TÜRKİYE’DE DOĞU TÜRKİSTAN MESELESİ
Dünyada bunlar olup biterken Türkiye Uygur meselesinde sessizliğini korumaya devam ediyor. Oysa geçen sene Şubat ayında Türkiye Cumhuriyeti Dışişleri Bakanlığı sözcüsü Hami Aksoy şu açıklamayı yapıyordu:
“Keyfi tutuklamalara maruz kalan bir milyondan fazla Uygur Türkü’nün toplama kamplarında ve hapishanelerde işkence ve siyasi beyin yıkamaya maruz bırakıldıkları artık bir sır değildir. Kamplarda alıkonmayan Uygurlar da büyük baskı altında bulunmaktadır. Yurt dışında yaşayan Uygur asıllı soydaş ve vatandaşlarımız bu bölgedeki akrabalarından haber alamamaktadır. Binlerce çocuk ebeveynlerinden uzaklaştırılmış, yetim kalmıştır. 21. Yüzyılda toplama kamplarının yeniden ortaya çıkması ve Çin makamlarının Uygur Türklerine yönelik sistematik asimilasyon politikası insanlık adına büyük bir utanç kaynağıdır.”

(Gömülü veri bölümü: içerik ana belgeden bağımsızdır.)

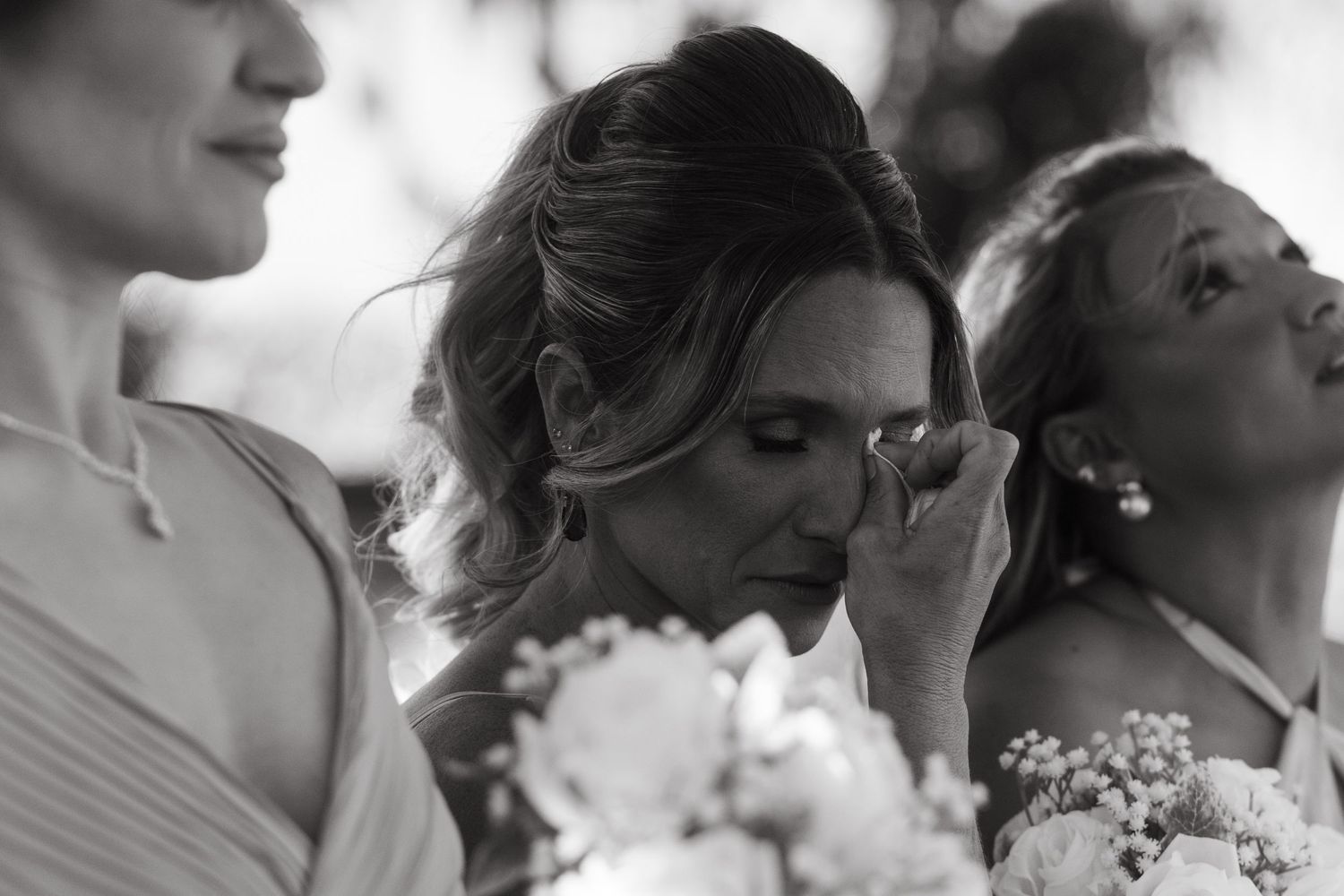 A series of black and white candid moments showing pure joy at a wedding celebration.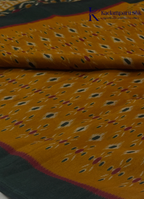 Kadamparii Silk mustard soft semi tussar silk saree with woven pattern and dark contrast border, displayed on a white background.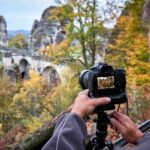 Eine Person richtet eine Kamera auf einem Stativ aus und fokussiert dabei eine malerische Steinbrücke, die von felsigen Klippen und herbstlichen Bäumen im Hintergrund umgeben ist. Auf dem Bildschirm der Kamera ist dieselbe malerische Landschaft zu sehen.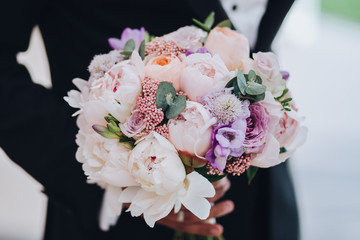 The groom holds a wedding bouquet of pink and white flowers with greenery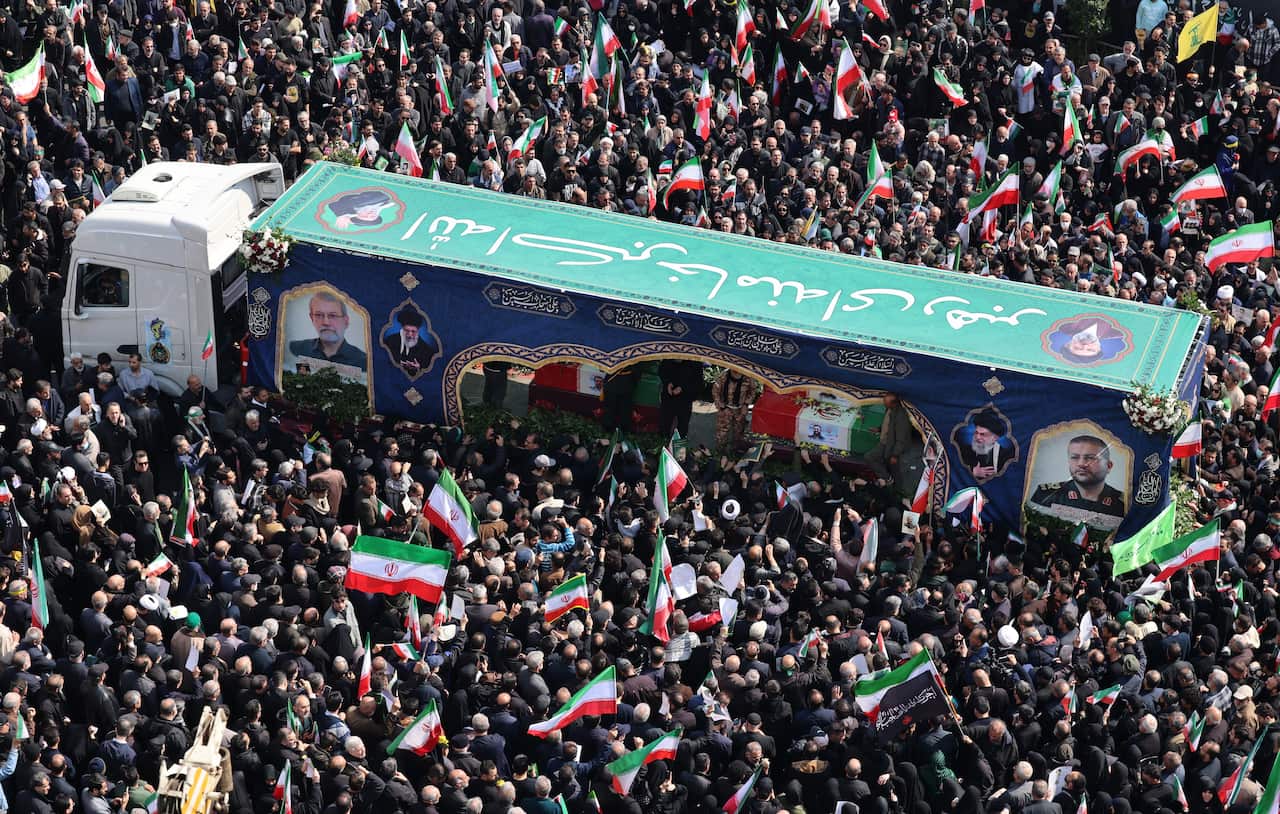 Tehran holds funeral for security chief Larijani and Basij leader Soleimani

Türkiye’nin Uygur meselesi ile ilgili resmi tutumu buydu. Aradan geçen bir yılda ne değişti ?
Bununla birlikte geçen haftalarda Türkiye’den farklı barolara kayıtlı 100 avukatın Doğu Türkistan meselesini Birleşmiş Milletler (BM) İnsan Hakları Konseyi’ne taşımış olması olumlu bir gelişme olmuştur.
Şu bir gerçektir ki, Çin’in Doğu Türkistan Türklerine yönelik asimilasyon merkezli politikaları, soykırıma varan pervasızca uygulamaları Türk ve Çin toplumu arasındaki fay hattını kırılma noktasına getirmiştir. Çin komünist yönetimi nasıl Kovid-19 virüsü ile ilgili bilgiyi gizleyip dünyaya yalan söylediyse, Doğu Türkistan konusunda da gerçekleri gizlemekte ve yalan söylemektedir. Doğu Türkistan’da yaşananlar gerçektir. İletişim teknolojisinde bugün ulaşılan seviye hiçbir gerçeğin saklanmasına imkan vermez. Dolayısıyla Doğu Türkistan’da yaşananları ABD oyunu, CIA yalanı diyerek yok saymak, örtbas etmek veya geçiştirmeye çalışmak doğru değildir.
Artık Uygur meselesi insanlığı hürriyet ile istibdat, adalet ile menfaat arasında seçim yapmaya zorlayan bir meseleye dönüşmüştür.